For decadal climate predictions, verification is commonly performed on predictions averaged over a range of lead times, but there is no clear consensus on the choice of temporal averaging period (e.g. Smith et al. 2010; Hawkins et al. 2011; van Oldenborgh et al. 2012). We adopt the framework suggested by Goddard et al. (2012a) and consider three lead time periods, year 1, years 2–5 and years 6–9. Note that a skillful time-averaged (multi-annual) prediction does not imply that the predictions for individual years within the averaging period (annual predictions) are skillful, as errors in the individual predictions with different signs may cancel out by averaging.

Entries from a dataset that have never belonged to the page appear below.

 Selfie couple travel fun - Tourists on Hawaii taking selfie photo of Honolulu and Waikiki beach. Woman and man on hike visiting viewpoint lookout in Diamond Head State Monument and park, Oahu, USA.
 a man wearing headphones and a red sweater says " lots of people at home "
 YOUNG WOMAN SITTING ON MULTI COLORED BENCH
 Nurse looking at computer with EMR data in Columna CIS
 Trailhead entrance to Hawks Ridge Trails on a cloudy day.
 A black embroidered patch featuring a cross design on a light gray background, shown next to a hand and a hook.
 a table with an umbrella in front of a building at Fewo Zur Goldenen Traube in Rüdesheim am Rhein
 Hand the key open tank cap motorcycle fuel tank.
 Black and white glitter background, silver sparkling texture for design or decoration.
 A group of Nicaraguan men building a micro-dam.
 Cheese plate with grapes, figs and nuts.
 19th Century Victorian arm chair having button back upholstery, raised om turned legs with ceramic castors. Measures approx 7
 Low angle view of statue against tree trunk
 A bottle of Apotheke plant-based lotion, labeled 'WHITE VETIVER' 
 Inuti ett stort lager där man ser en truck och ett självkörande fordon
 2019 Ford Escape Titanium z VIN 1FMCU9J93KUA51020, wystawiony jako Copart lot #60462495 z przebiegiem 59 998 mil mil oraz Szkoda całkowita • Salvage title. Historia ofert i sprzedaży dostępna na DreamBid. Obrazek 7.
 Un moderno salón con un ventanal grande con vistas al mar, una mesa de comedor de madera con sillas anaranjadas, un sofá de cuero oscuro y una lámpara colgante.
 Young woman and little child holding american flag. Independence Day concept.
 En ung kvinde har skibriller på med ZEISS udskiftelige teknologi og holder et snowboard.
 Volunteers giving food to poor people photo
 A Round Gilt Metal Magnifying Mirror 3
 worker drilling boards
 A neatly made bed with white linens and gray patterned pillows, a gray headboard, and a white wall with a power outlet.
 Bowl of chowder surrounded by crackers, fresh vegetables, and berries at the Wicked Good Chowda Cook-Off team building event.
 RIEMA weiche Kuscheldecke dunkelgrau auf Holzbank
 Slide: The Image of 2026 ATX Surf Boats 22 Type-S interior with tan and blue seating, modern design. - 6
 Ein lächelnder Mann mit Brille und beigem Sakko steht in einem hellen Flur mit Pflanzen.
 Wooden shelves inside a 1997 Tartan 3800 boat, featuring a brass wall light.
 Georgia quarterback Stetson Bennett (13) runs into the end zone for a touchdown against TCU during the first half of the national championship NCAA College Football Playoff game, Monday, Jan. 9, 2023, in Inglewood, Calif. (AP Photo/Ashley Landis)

The verification procedures for the ensemble mean DePreSys retrospective forecasts are similar to those described above but two additional steps are required. Since the spatial resolution of DePreSys and HadISST are different, the HadISST data are first interpolated onto the grid of DePreSys using bilinear interpolation prior to verification. In addition, the mean bias of the ensemble mean DePreSys retrospective forecasts (difference between the modelled and observed climate) is removed for each lead time. In order to avoid the introduction of artificial skill, this is performed in a cross-validation manner, i.e. for each lead time, we calculate and remove the mean bias for each forecast individually using forecast and observation data from all the other start times.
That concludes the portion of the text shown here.